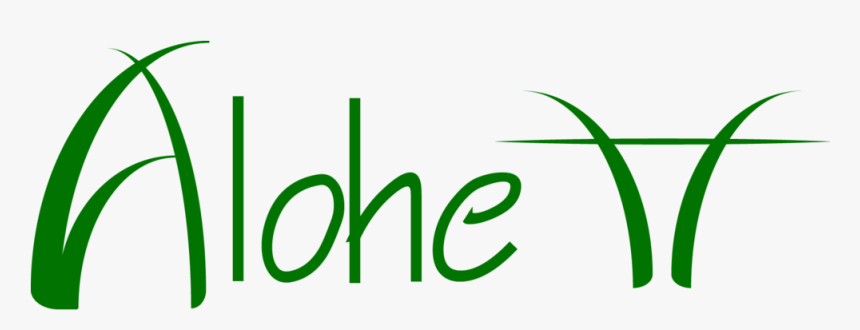 Home Alohe Tt Chi Siamo Filosofia Aloe Vera Moringa, HD Png Download, Free Download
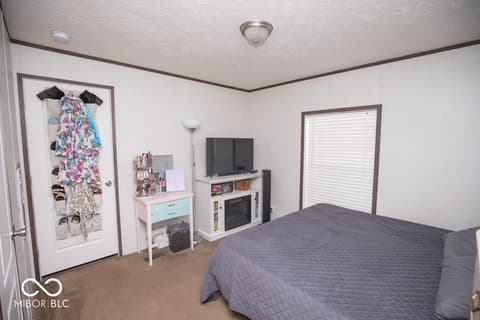 Photo of 3079 Dorver Lane, North Vernon, IN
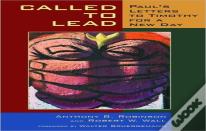 Called To Lead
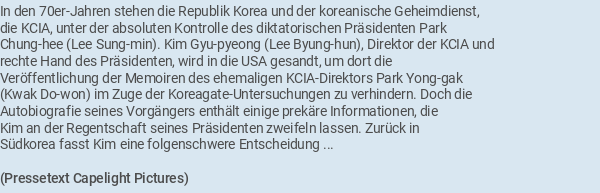 Pressetext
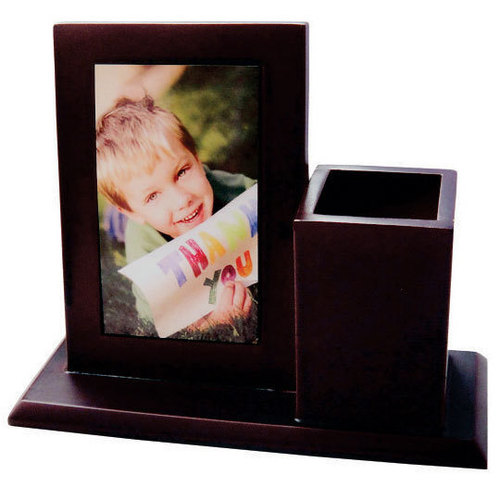 Sublimation Wooden Frames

**********

• Work instruction: The pictures stay out; repeat exactly the lines from the one with "Called To Lead" to the end of the entries above, and nothing else.

• Answer section:
 Called To Lead
 Pressetext
 Sublimation Wooden Frames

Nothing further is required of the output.